Repeat exactly the lines running from the first line of the data to the line containing "BLISSY silk pillowcase", both ends included, and nothing else; drop the pictures.

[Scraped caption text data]
Segment Open

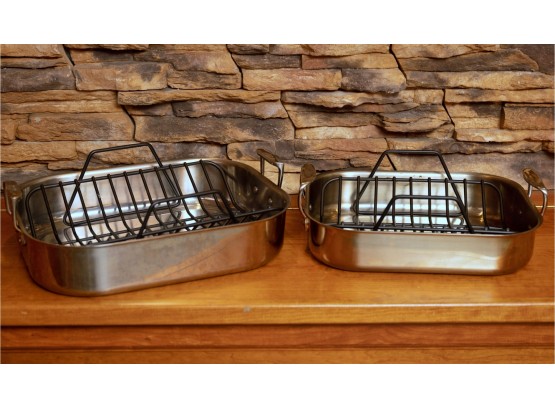 Two Roasting Pans With Racks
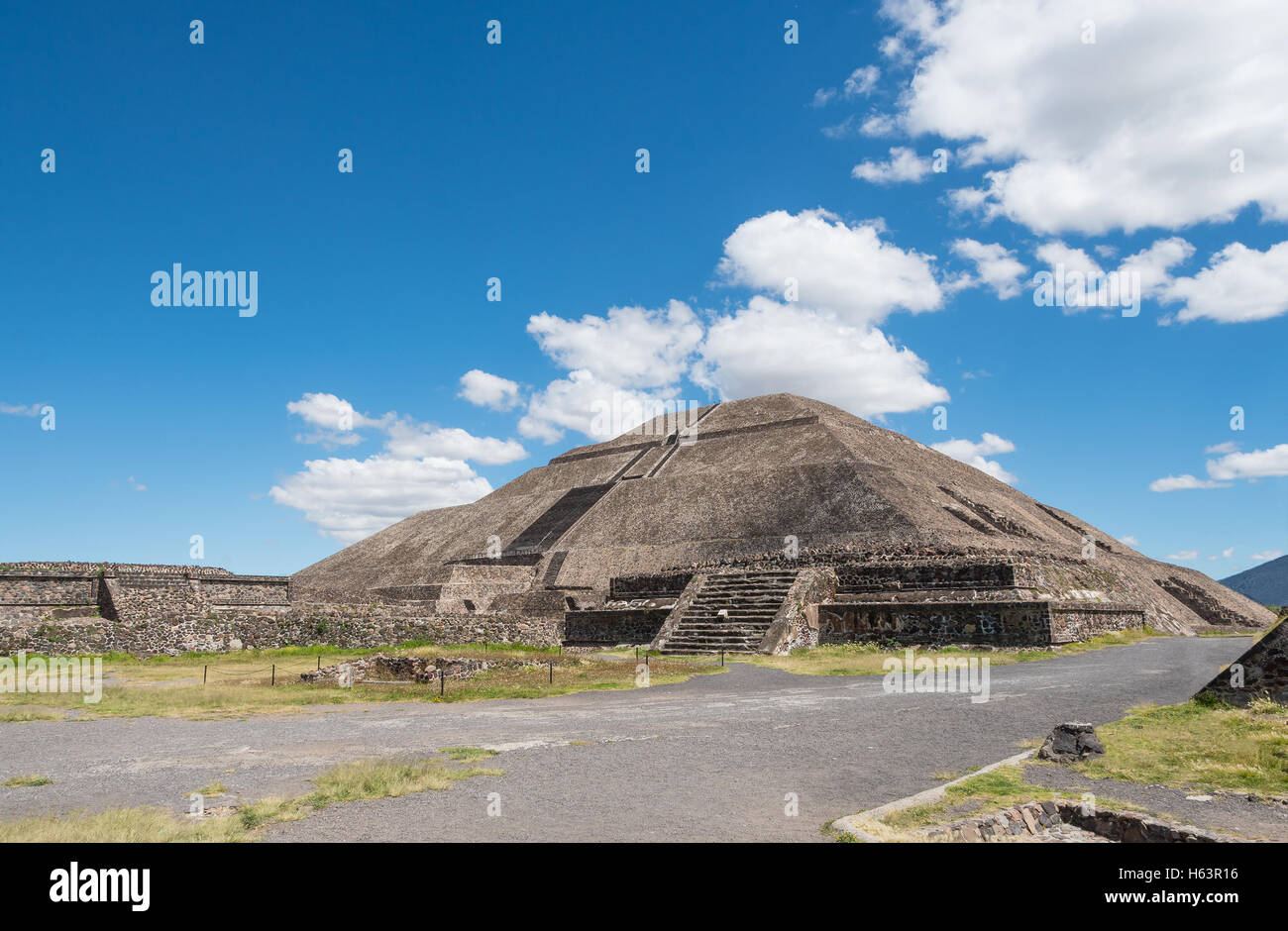 The Pyramid of the Sun is the largest pyramid in Teotihuacan and one of the largest in Mesoamerica. Stock Photo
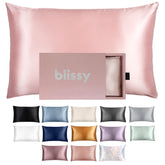 BLISSY silk pillowcase closeup weave highlighting premium mulberry silk for smooth hair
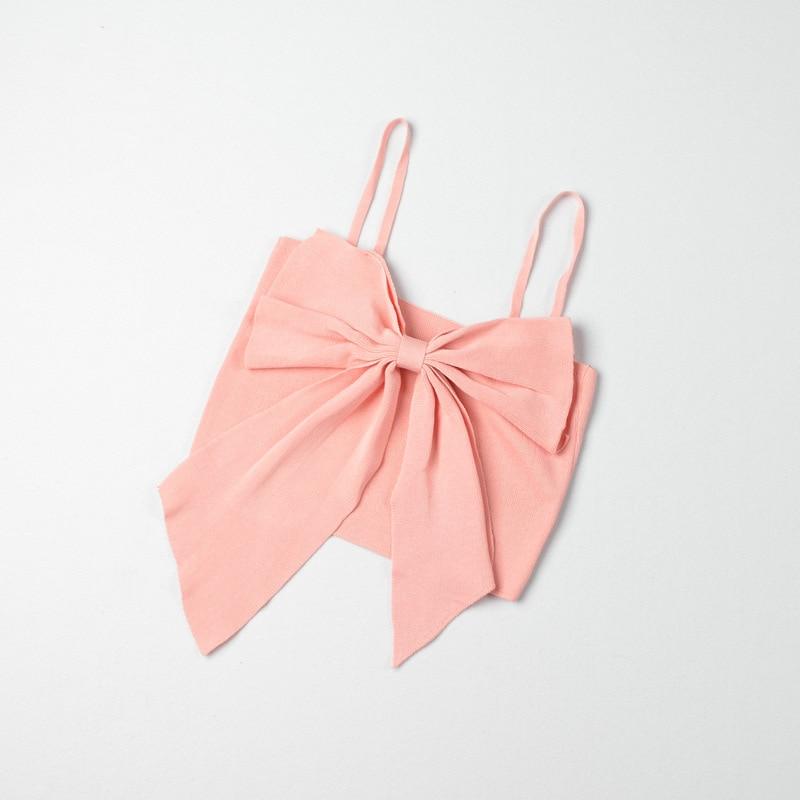 

Женский однотонный укороченный топ без рукавов с бантом, трикотажные тонкие женские сексуальные, милые и шикарные тонкие базовые майки Kawaii, уличная одежда M розовый
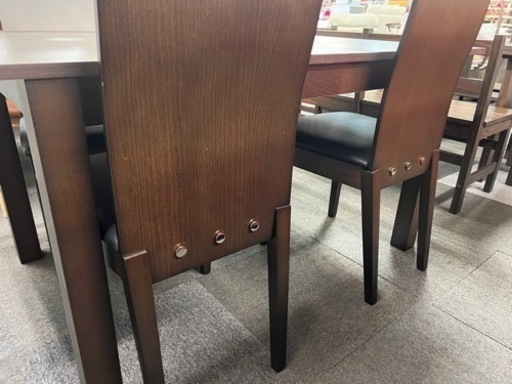 ダイニング5点 伸長式 未使用 大川家具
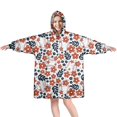 thumbnail image 1 of White Baseballs with Red Flowers Pattern Wearable Oversized Blanket,Wearable Blanket Hoodie for Adults,Cozy Hooded Blankets with Super Pockets,Super Warm Fuzzy Pullover for Women & Men, 1 of 6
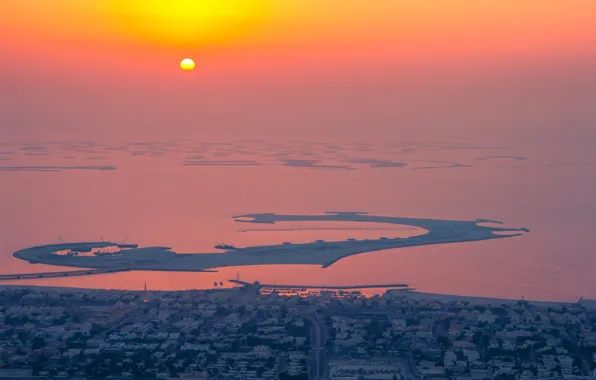 Ocean, sunset, water, sun, houses, orange, reflection, homes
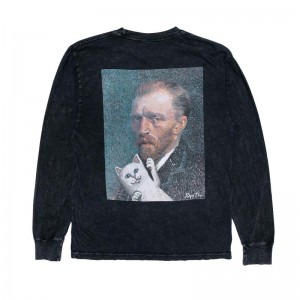 Ripndip Van Nermal L/S Lange Mouwen Zwart Lichtturkoois | NLLH2437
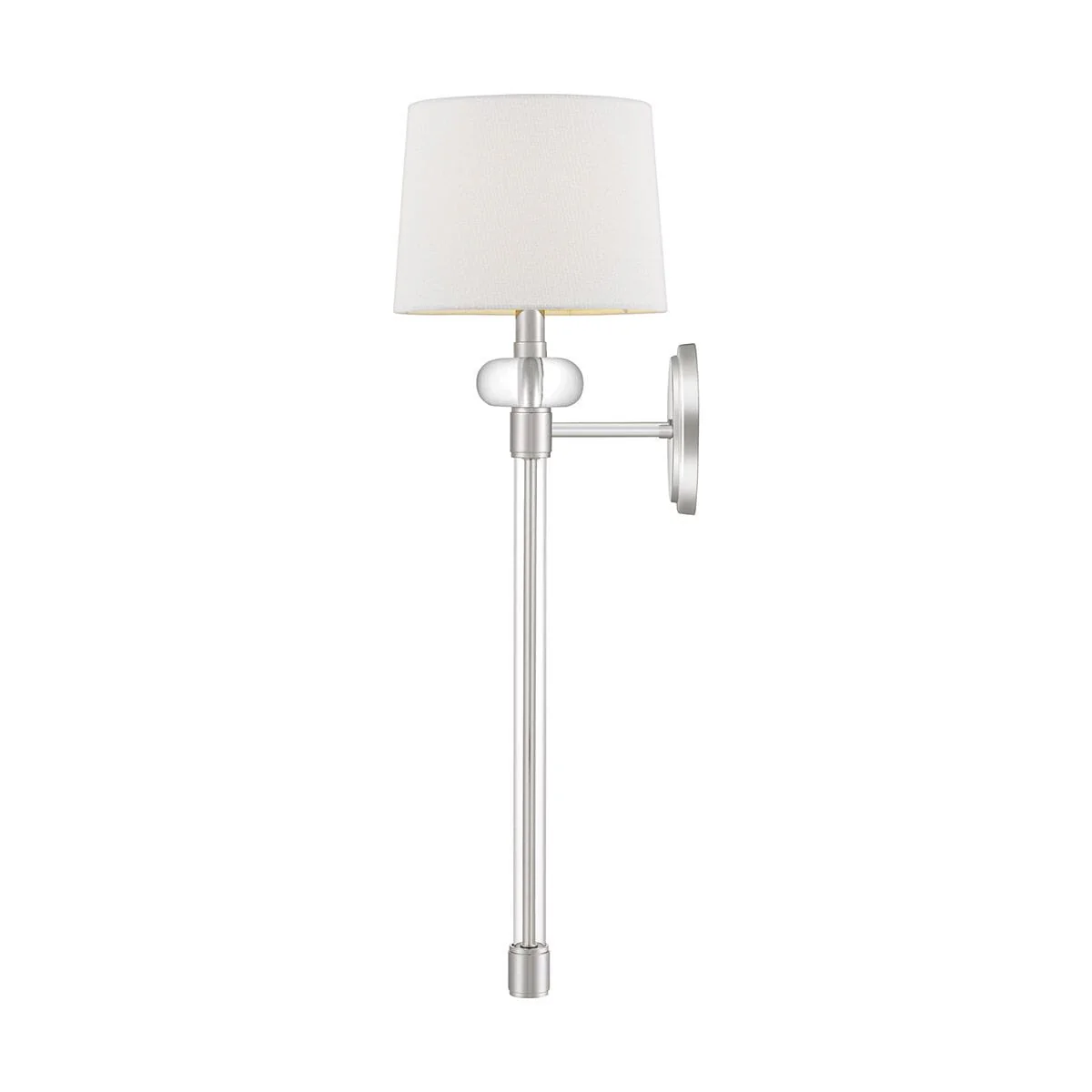 Smithson Chrome & Glass Wall Light with White Shade - Image 4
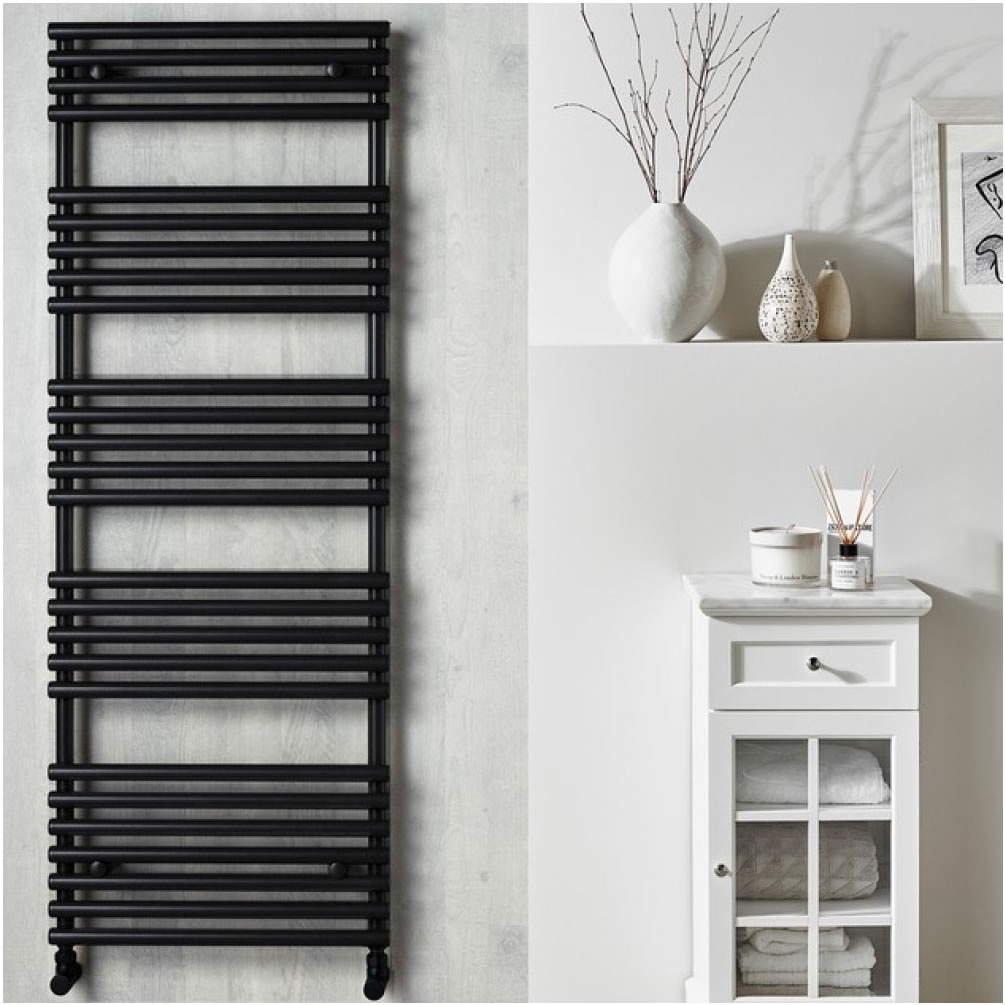 Lifestyle image of Velaro TT Lux Matt Black 675 x 496mm Towel Radiator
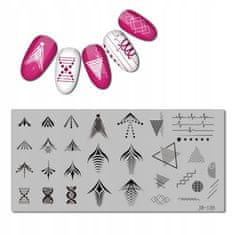 TOJATO Razítkovací deska, vzory na nehty, nail art, Tečky, geometrie, JR-120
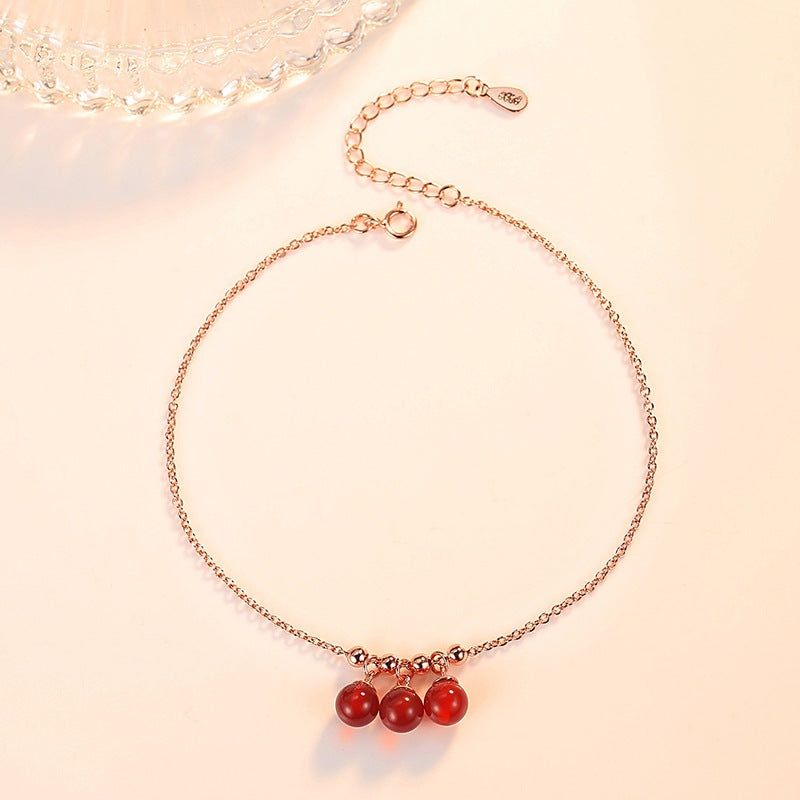 Rockyu アンクレット レディース 18金仕上げ レッドボール付き 細身チェーン 調整可能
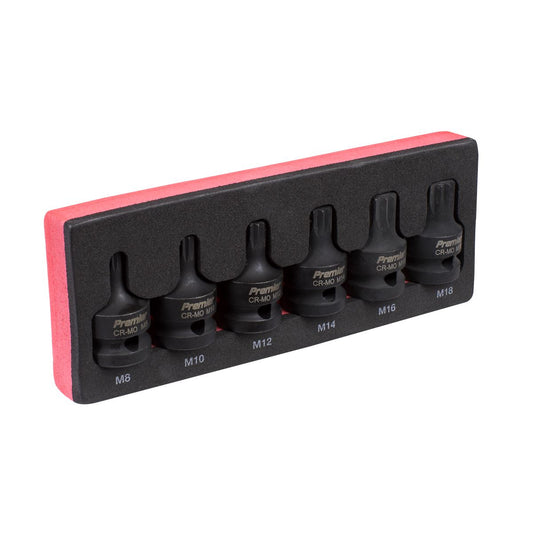Sealey Impact Spline Socket Bit Set 6pc 1/2"Sq Drive AK5608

Segment Closed

→ Completed exercise
 Two Roasting Pans With Racks
 The Pyramid of the Sun is the largest pyramid in Teotihuacan and one of the largest in Mesoamerica. Stock Photo
 BLISSY silk pillowcase closeup weave highlighting premium mulberry silk for smooth hair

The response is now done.